Facebook Starts Up Its Mobile Ad Network Again, Focuses On Improved Targeting

After a nine-month pause, Facebook is taking its mobile ad network out for another spin. “We’re running a second test to show Facebook ads off Facebook in mobile ads and on mobile sites. Our goal is to improve the relevancy of the ads people see. Since this is a test, we don’t have additional details to share,” a Facebook representative told TechCrunch.

Facebook first launched its mobile ad network in September 2012, but stopped three months later. The company told us at the time that the initial run was a test to see how the network would perform and whether or not people would find the ads relevant.

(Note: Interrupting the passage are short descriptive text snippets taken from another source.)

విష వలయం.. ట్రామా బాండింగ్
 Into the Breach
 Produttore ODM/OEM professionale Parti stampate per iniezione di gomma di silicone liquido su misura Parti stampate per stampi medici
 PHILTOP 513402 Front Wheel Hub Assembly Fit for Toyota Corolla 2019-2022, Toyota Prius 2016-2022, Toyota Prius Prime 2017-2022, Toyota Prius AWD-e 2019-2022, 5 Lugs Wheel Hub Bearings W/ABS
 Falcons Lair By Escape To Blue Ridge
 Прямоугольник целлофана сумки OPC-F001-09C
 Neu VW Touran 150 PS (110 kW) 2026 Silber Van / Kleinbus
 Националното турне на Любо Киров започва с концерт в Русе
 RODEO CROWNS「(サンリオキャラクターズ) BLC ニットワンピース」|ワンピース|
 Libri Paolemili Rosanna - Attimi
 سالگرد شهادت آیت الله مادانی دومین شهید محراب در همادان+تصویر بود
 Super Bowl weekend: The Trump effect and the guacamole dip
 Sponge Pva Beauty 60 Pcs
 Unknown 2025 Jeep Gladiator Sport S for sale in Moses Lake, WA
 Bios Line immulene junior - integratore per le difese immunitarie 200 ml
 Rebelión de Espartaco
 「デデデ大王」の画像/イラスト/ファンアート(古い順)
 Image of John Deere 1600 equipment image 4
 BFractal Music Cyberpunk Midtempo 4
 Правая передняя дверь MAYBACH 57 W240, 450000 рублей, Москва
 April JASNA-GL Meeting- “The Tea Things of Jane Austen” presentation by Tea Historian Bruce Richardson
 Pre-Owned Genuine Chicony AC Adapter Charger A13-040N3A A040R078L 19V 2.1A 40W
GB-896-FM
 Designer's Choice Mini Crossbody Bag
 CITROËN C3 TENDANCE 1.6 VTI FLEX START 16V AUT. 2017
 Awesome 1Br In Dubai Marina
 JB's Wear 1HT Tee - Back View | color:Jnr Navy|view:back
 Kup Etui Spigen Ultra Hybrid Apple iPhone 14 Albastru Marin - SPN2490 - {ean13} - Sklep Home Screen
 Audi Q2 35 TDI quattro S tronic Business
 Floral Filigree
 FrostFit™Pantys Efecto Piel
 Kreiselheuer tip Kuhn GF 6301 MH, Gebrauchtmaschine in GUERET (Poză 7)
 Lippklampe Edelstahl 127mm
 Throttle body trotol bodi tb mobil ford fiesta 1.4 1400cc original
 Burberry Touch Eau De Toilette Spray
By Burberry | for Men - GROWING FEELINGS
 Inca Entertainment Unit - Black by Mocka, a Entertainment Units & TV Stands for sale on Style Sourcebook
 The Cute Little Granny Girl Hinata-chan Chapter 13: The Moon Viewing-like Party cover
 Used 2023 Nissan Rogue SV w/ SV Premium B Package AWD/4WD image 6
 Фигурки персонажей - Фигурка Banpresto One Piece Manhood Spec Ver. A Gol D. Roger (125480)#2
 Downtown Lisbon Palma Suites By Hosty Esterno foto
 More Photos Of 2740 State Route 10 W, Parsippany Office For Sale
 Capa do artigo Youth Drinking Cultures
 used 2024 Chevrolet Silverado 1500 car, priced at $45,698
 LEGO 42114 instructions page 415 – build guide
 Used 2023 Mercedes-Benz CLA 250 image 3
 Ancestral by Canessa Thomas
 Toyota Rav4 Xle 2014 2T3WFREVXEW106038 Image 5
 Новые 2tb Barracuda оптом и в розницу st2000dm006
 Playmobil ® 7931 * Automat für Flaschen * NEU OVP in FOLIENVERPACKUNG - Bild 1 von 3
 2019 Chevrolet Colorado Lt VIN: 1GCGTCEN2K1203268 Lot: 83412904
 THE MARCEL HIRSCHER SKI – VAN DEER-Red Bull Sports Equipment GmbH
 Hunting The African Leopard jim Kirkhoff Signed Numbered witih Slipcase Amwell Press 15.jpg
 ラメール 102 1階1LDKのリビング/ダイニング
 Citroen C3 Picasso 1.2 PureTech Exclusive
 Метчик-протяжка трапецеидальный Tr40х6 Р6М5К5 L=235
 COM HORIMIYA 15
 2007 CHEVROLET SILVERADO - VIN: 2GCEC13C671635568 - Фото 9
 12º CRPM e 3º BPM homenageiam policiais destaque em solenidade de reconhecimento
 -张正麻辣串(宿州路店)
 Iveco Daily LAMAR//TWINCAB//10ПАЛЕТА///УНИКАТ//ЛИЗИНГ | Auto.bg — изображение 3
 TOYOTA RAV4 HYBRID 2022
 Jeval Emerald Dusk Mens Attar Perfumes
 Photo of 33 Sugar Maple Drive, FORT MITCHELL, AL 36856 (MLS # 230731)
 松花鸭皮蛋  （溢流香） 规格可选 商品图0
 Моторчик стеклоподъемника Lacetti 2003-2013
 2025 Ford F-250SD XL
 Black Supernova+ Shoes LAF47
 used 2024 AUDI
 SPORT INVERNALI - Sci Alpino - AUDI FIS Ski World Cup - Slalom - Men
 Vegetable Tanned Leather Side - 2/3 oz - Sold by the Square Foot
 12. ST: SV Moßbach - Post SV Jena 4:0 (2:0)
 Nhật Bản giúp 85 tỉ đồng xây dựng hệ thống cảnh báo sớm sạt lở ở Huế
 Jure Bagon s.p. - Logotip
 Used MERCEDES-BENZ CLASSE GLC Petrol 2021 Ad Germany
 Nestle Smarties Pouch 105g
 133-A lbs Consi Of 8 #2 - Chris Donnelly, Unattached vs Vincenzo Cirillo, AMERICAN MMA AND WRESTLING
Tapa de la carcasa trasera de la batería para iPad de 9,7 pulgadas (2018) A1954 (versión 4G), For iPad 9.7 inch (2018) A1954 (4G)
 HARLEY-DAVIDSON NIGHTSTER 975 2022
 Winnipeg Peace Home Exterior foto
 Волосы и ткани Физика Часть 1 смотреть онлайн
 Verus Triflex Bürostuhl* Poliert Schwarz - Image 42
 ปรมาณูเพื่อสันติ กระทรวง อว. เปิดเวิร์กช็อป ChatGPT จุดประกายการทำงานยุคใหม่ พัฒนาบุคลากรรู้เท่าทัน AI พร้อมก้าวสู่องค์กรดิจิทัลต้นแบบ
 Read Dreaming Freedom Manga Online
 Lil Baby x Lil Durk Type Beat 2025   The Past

Josh Constine, our Facebook expert, explains that one reason for the pause may have been low margins. Facebook needed to channel its energy into clear money makers like its mobile app install ads and Facebook Exchange. Now that those two programs are up and running, the company can once again focus on fine-tuning its offsite ad network. One way to grow margins and increase the cut Facebook gets from providing the data needed to target ads may be to buy an existing medium-sized mobile ad network.

In the first itiration of Facebook’s mobile ad network, the company acted as an ad-exchange layer on top of traditional ad exchanges like Mobclix or Nexage that bid for placement on mobile advertising publishers such as Google’s AdMob or Apple’s iAd. The program allowed advertisers to pay to target you with ads that are based on your Facebook data and appear when you browse other apps or mobile sites. Facebook first experimented with off-site targeted advertising in June 2012 by running Sponsored Stories on Zynga.com in a revenue split partnership.

Facebook has moved very cautiously with the deployment of its offsite ad network despite its massive network of like buttons and widgets. A mobile ad network is one way for Facebook to leverage the vast amount of personal data it has access to without altering the user experience of its Web site and native apps. Though its non-social, in-feed ad unit, which lets mobile developers pay to show download links to their apps on Facebook for iOS or Android, has proven profitable, it was criticized because many users felt the ads cluttered their news feed.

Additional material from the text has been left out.